Replacement characters can also appear when non-UTF-8 files are viewed in a UTF-8 locale. In the example shown below, copy.csv is ISO-8859-1 encoded. If I grep for non-characters (anything that isn't a character) in my UTF-8 locale, 9850 of them are found in the ISO-8859-1 file, and as shown these appear in my terminal as replacement characters. When the file is converted to UTF-8 with iconv, the non-characters disappear and get replaced with the Unicode equivalents of the ISO-8859-1 characters.


Mysterious question marks

Data items that have a complicated encoding history (like UTF-8 > windows-1252 > UTF-8) can accumulate question marks in place of original characters. The question marks were inserted by programs en route that couldn't interpret the encoding of the characters concerned. Since a question mark is a valid character in most encodings, once inserted it's always a question mark. Unlike some replacement characters (see above), it can't be converted back to an original character by changing the encoding. The original character is lost and can only be re-inserted after considering context, external sources or the advice of the data manager or custodian.

I use regex to find all the question marks in a data table, together with their immediate context.

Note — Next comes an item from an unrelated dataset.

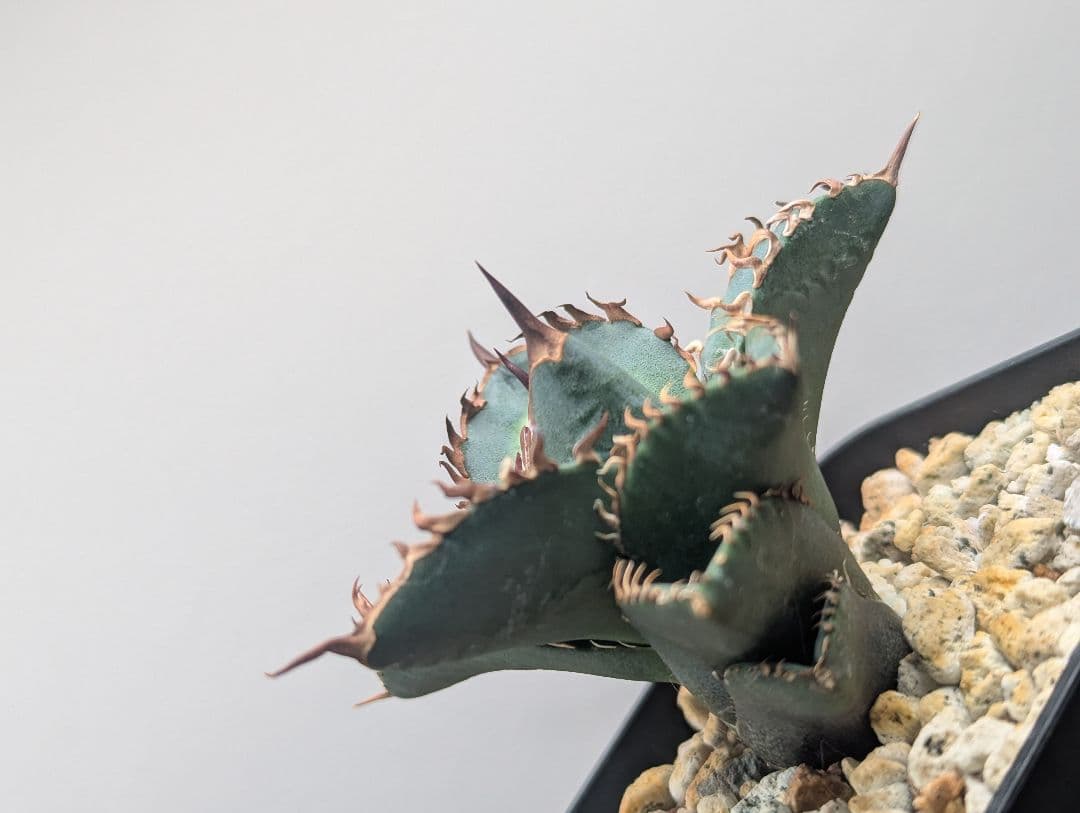 1株限定 オテロイ 現地球のOC子株 2、3又連棘系 発根活着済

As shown below, grep extracts matches zero or more 'not space or tab' followed by a literal question mark followed by zero or more 'not space or tab'. The results shown below are from a real-world data table.

$ grep -o "[^[:blank:]]*?[^[:blank:]]*" table | sort | uniq -c
# Examples only:
2 Abendroth?s
2 adresse?e
2 anÌ?os
4 ant?s
8 author?s
8 Beru?cksichtigung
2 brou?ích
19 d?Entomologie
2 ?echoslovenia
2 l?Algérie
2 O?Keefe
1 P?ísp?vek

Once found, the question marks can be replaced globally with sed, as in this 'ganged' command (see also the bulk replace pages):

$ sed 's/adresse?e/adressée/g;s/Beru?cksichtigung/Berücksichtigung/g' table

For routine use I've saved that grep command as an alias, qwords:

alias qwords='grep -o "[^[:blank:]]*?[^[:blank:]]*"'

Another time-saver is the following script, called qfinder, which finds each of the "words" with question marks in a table and saves them to a file called qlist, together with their line and field numbers. The script then works on qlist to generate some summary statistics.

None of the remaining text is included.